Thanks Jerry. As Jerry mentioned we're seeing strong growth in the semiconductor market across our entire portfolio.
We believe that the combination of our innovative technologies, our collaborative approach to solving our customers most difficult problems and our ability to support them operationally has contributed to our outperformance of the overall market. One particular area of note is the power solutions business.
For the past several years, we've made substantial investment in technology and people in this business and we're seeing significant benefits of this strategy. For the first three quarters of 2017, power solutions revenue was up almost 90% compared to the first three quarters of 2016.

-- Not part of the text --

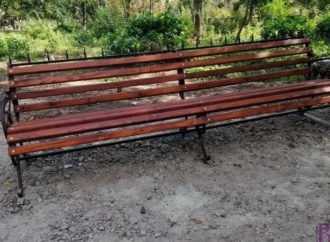 У Вайнберг-парку встановили лавочки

This is more than tripled the consensus estimates for 2017 WFE growth. The increasing challenges for etching and deposition processes driven by the continued use of multiple patterning for logic and DRAM and the increase in the number of layers for 3D NAND are accelerating the need for innovative power solutions.
We will continue to invest and build on our technology leadership to ensure that these advanced processes and devices are realized.
In addition to our core semiconductor market, we've also been focusing on the materials processing market, which includes application such as fabrication of discrete components, modification of surfaces and precision cutting and drilling. These advanced manufacturing applications require a broad portfolio of technology solutions.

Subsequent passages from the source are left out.